Luc’s father had studied theology at Cambridge, and there was a tradition in the family of its male members being Cambridge men.

Because they were spending so much time away from home over Christmas, Luc and Belle had agreed that it would be a waste to have a real Christmas tree, and one of Belle’s clients had presented her with an artistic and very expensive Christmas arrangement from one of London’s top florists, made up of bare twigs and glass baubles, which had caused Luc to raise his eyebrows a little.

‘Don’t you like it?’ Belle had asked him.

‘It’s…it’s very artistic,’ Luc had replied cautiously, and then had added a rueful admission, ‘At home we always have a huge tree loaded with masses of stuff. Not very arty, I suppose, but it always seems…right. Vicars’ wives always have to recycle everything, and Ma used to encourage me to make my own decorations when I was small… Not very aesthetic, I know, but for me the real spirit of Christmas is the thought behind the gift, not its material value.’

He was right, of course, and Belle knew it, shared his sentiments, but somehow he had made her feel that her values were glossy and worthless and even, in some belittling way, that she was glossy and worthless too.

Today, though, was Christmas Eve, and very soon their own special Christmas present was going to arrive. And every Christmas from now on, when they woke up in their special bed, when they made love in it, they would remember this, their first Christmas in their new home. Belle couldn’t wait to see the bed with its special headboard in situ, to polish and admire it.

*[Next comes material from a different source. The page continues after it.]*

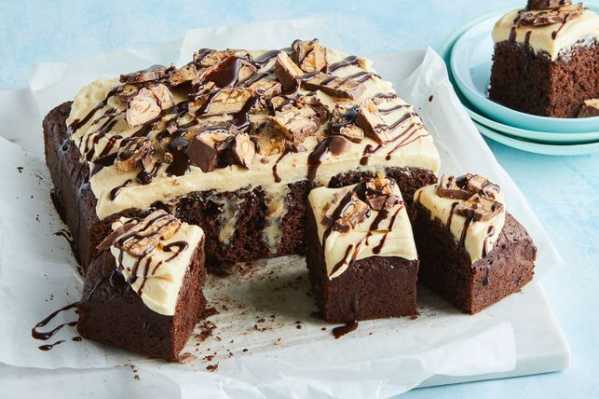 Snickers and peanut butter caramel poke cake
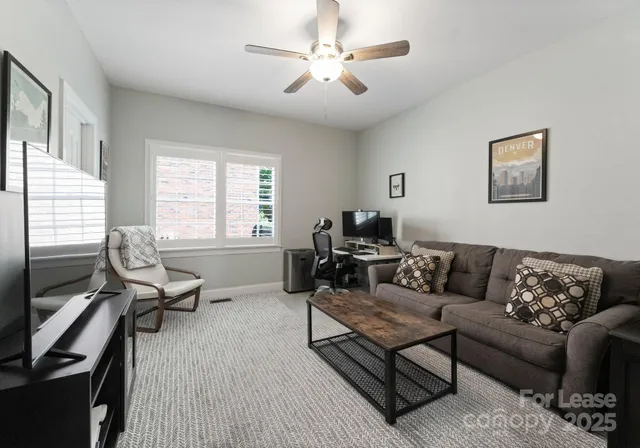 a living room with furniture two window and a ceiling fan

It was almost lunchtime when the van finally arrived in the narrow country lane outside their house.

‘What’s this?’ Luc frowned as the driver got out. ‘They must be looking for somewhere else. We haven’t ordered anything…’

‘Yes, we have,’ Belle corrected him excitedly, craning her neck so that she could see out of the window as the men went to the rear of the van. ‘Well, I have. It’s our Christmas present…well, mine to you…to us…to the house. It’s the bed, Luc, the one I told you about…with the wonderful headboard,’ she hurried on.